Hay muchas personas que han perdido familiares, otras han perdido su casa y ese poco o mucho que tenían; pero todos necesitan tan solo una cosa en este momento: necesitan de alguien que se ocupe de su desesperación, de su dolor. Que les dé, en definitiva, una esperanza y un motivo para seguir hacia delante y volver a comenzar de nuevo. Son budistas, y para ellos Dios existe, pero es alguien que no se interesa por sus vidas. Hace pocos días que sor Ángela ha llegado a Takuap Pa, un pueblo cerca de Kao Lak, la zona más afectada, más incluso que Puket. Kao Lak, famoso por sus grandes y nuevos hoteles, es hoy más famoso si cabe por el hotel Sofitel, que se ha convertido en la tumba de centenares de turistas escandinavos.

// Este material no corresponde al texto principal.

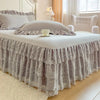 Lace Ruffled Bed Skirt with Non-Slip Mattress Cover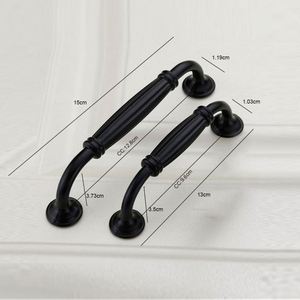 WEKIS Durable Aluminum Alloy 96/128Mm Single Hole Drawer Pull Handles Decorative Drawer Pulls Flat <b>Black</b> Cabinet Hardware - Product Image 2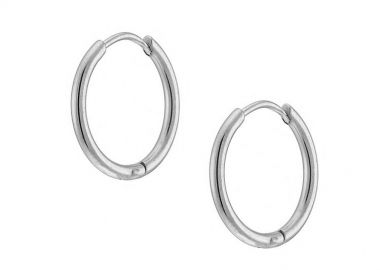 Σκουλαρίκια Κρίκοι 2x12 mm Από Ατσάλι AS48636 - AMOR AMOR - 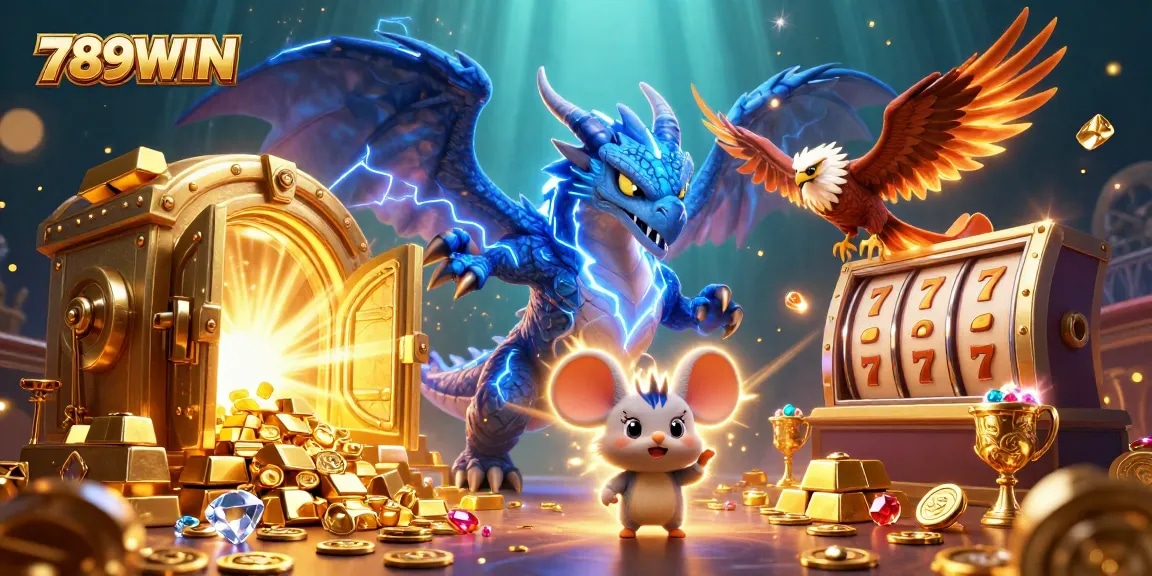 Experience the thrilling action of 789WIN as the thunder dragon unleashes jackpot excitement alongside glowing casino elements.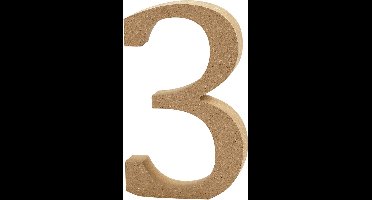 Creotime Houten Cijfer 3 13 Cm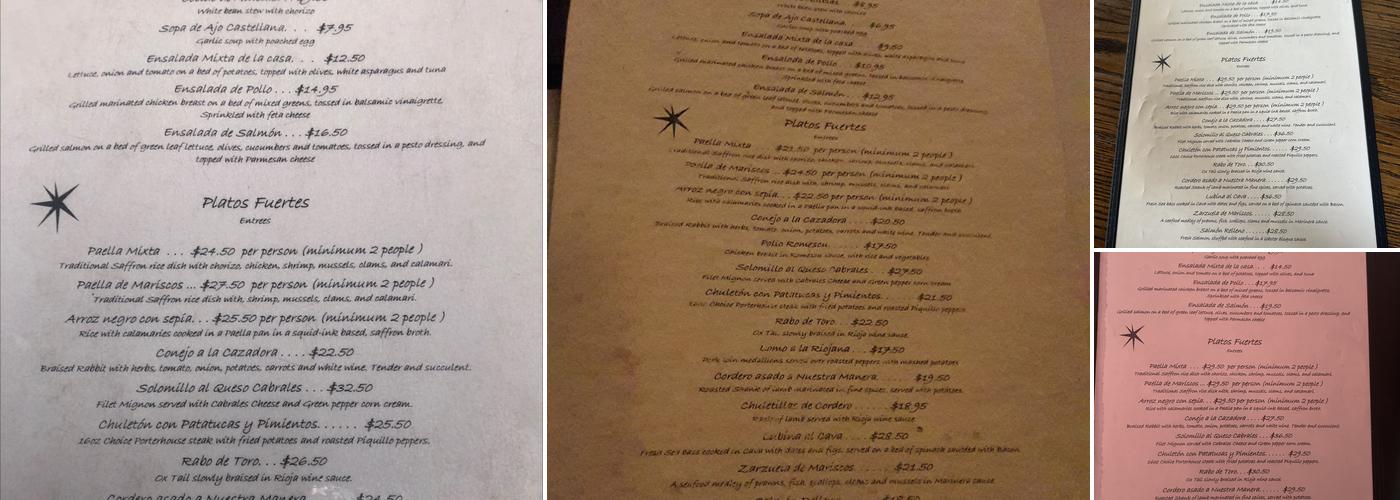 Costa Brava Menu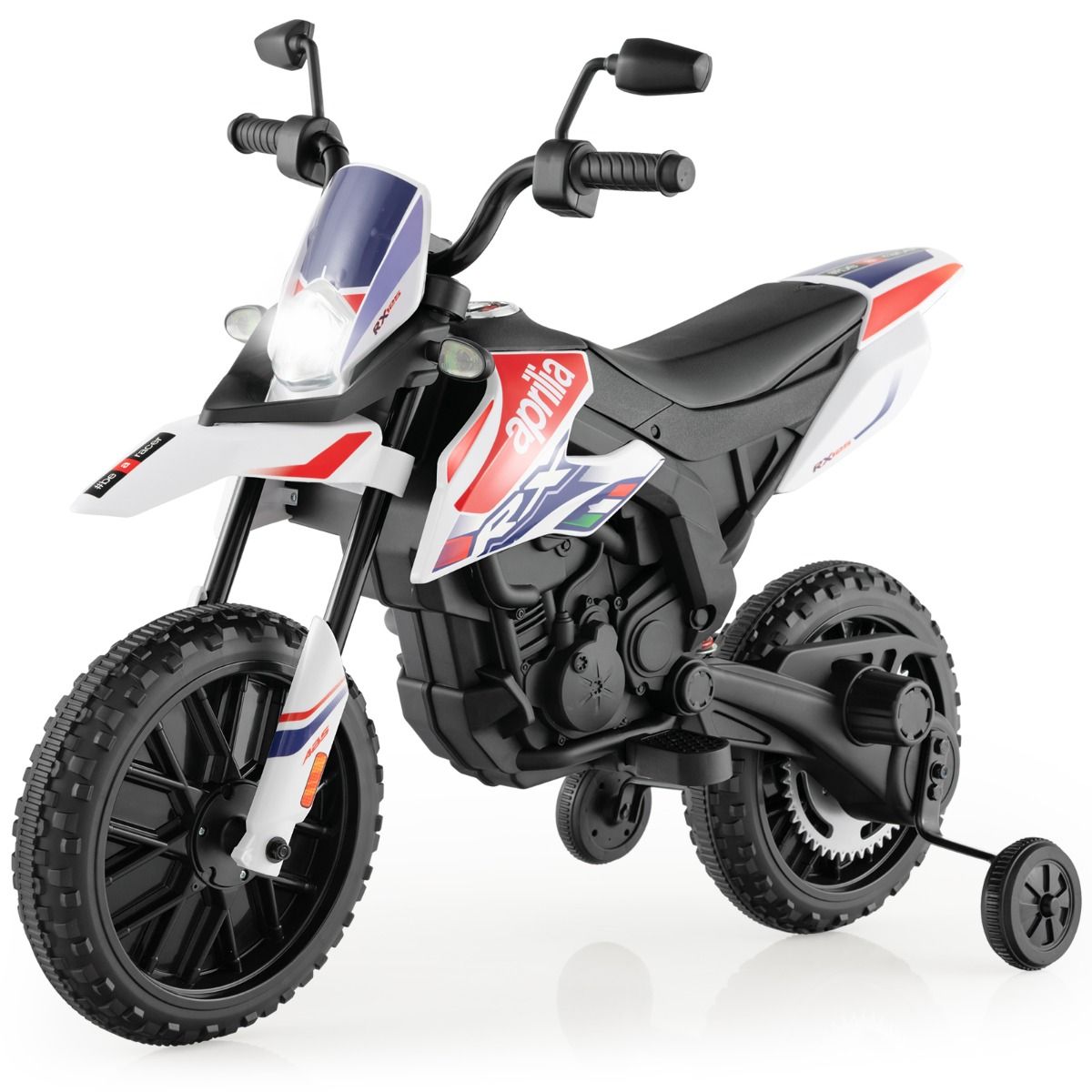 Coast Toy Motorbike for Kids - 2 roues latérales - Fonction musicale - 106.5 x 56 x 80 cm - Bleu/Blanc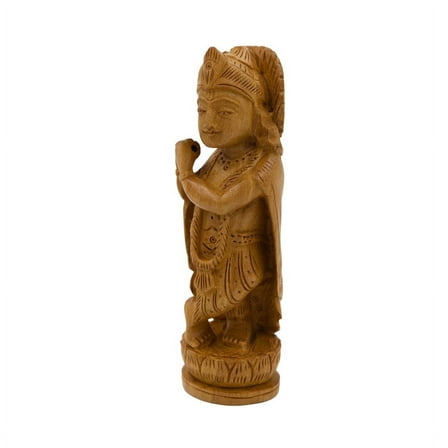 Exquisite Handcrafted Wooden Krishna Statue, 13 cm - Spiritual Decor, Brown Finish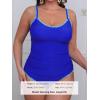 CUPSHE Women’s Tankini Sets Two Piece Swimsuit Scoop Neck Tummy Control Adjustable Straps Shell Stitched(P-royal Blue)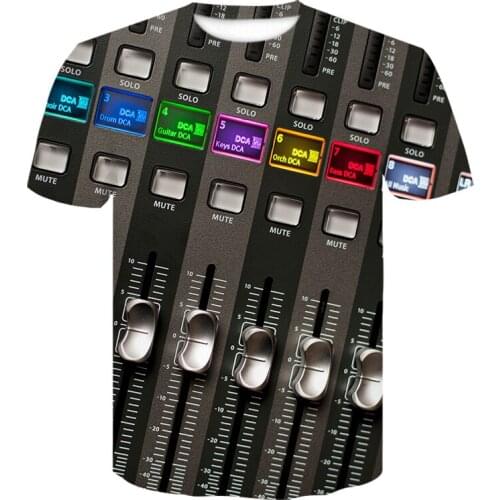 Summer DJ LED Light T-shirt Punk Clothing CD Streetwear Tshirt For Men Women Funny Casual 3d Printed T shirt Casual Tops Tees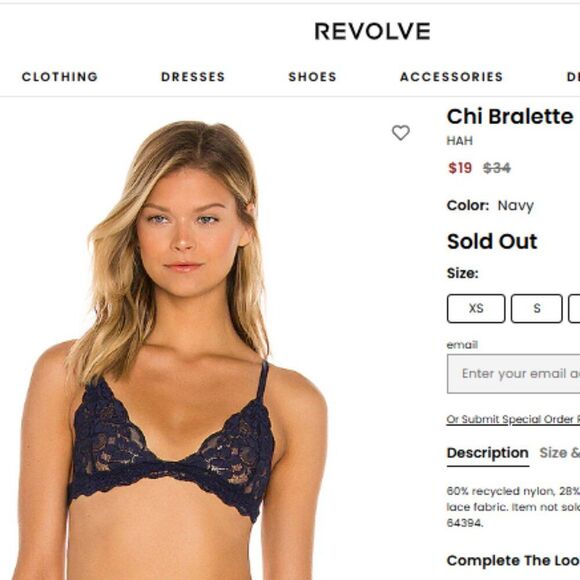 NWOT Revolve x HAH Navy Chi Bralette Adjustable Straps Unpadded Sheer 32-34 B/C - Picture 15 of 15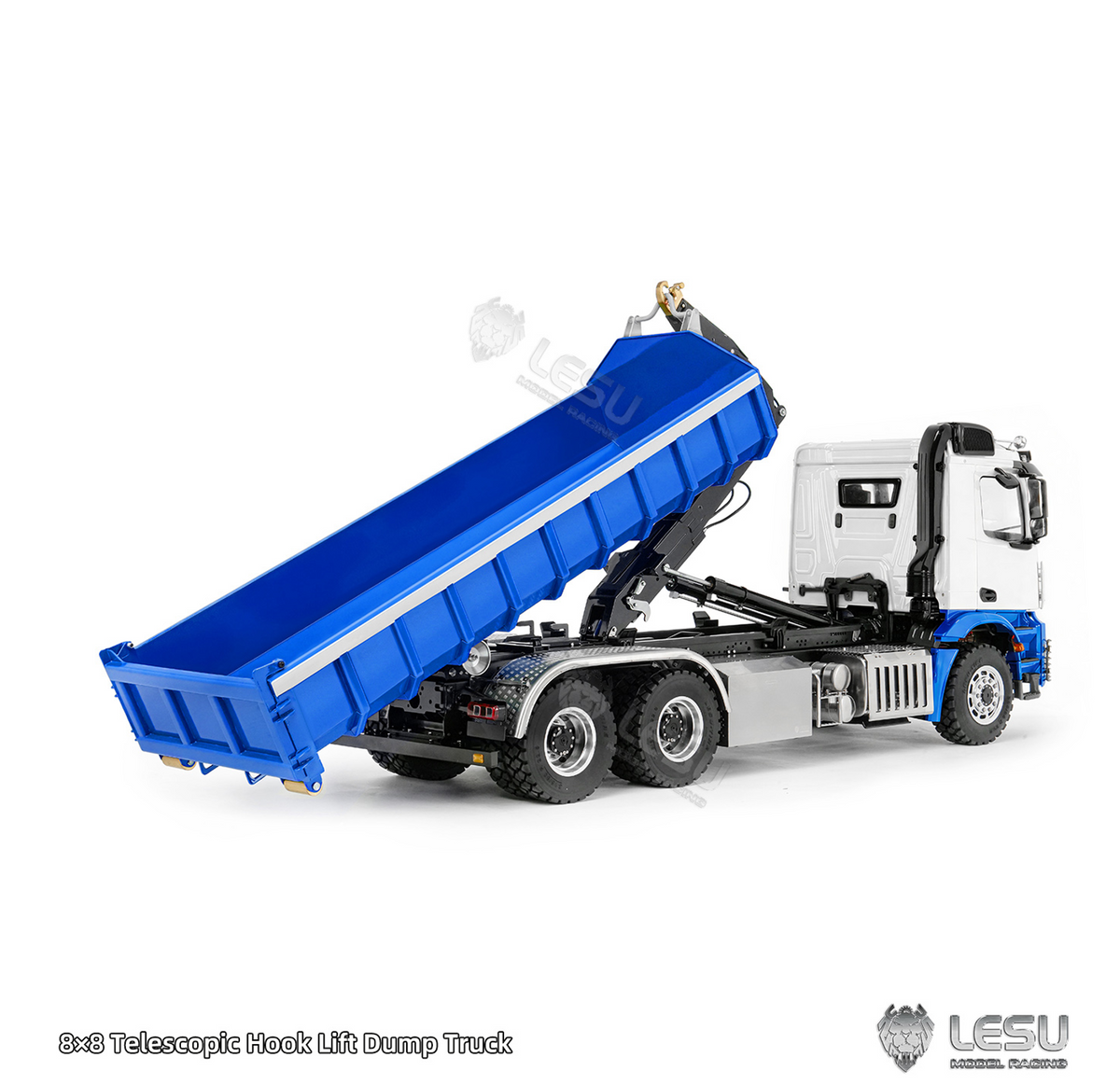 LESU Z0092 1/14 6x6 RC Hydraulic Roll Off Dump Truck with Telescopic Hook Lift Metal Chassis 3 Speed Gearbox Light Sound System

Llamada a las congregaciones
El obispo de Suratthani, la diócesis del sur, de la que dependen los cinco mil católicos esparcidos por un territorio de 900 Km, ha pedido ayuda a todas las congregaciones presentes en Tailandia. Sor Ángela, que habitualmente trabaja en un suburbio de Bangkok, explica a los niños y adultos a los que desde hace más de un año ayuda la razón por la que tenía que marcharse. Había personas que tenían más necesidad que ellos. En cuanto llega al pueblo de Takup Pa, se da cuenta enseguida de que la organización es estupenda: el Rey de Tailandia ha tomado bajo su cuidado y protección a todos los huérfanos, los soldados han utilizado todos los medios a su disposición para habilitar en tiempo récord campamentos en torno a cada hospital o escuela. Las organizaciones humanitarias del mundo han hecho llegar médicos y enfermeras para atender a los heridos, batallones de voluntarios se afanan por limpiar todo de barro, de agua y de escombros. Los muertos han sido reunidos desde hace días, aunque de vez en cuando el mar devuelve alguno de los cuerpos de las personas que abarrotan las listas de desaparecidos. Desde los centros operativos de socorro, sin embargo, nadie ha pensado en que muchos de los supervivientes tienen necesidad no sólo del alimento diario, sino sobre todo de la compañía de alguien que les escuche, de alguien al que puedan confiarse. Porque, ¿cómo es posible volver a empezar después de todo lo que ha sucedido, si no se tiene una razón para vivir? Esto es lo que trata de hacer sor Ángela, recorriendo con paciencia los campos de refugiados para estar con estas personas. Si están todavía demasiado conmocionadas como para hablar con ella, ella se sienta a su lado y espera con paciencia incluso durante horas. Giampen, el nombre de la joven madre, quiere decir en tailandés “necesaria”. Así trata sor Ángela de explicar el motivo para seguir hacia delante: esta madre, aunque haya perdido a sus hijos, es todavía importante, es necesaria para ayudar a ese padre que ha perdido a su mujer y que ahora no puede cuidar de su hijo porque tiene que empezar a pensar en reconstruir su casa.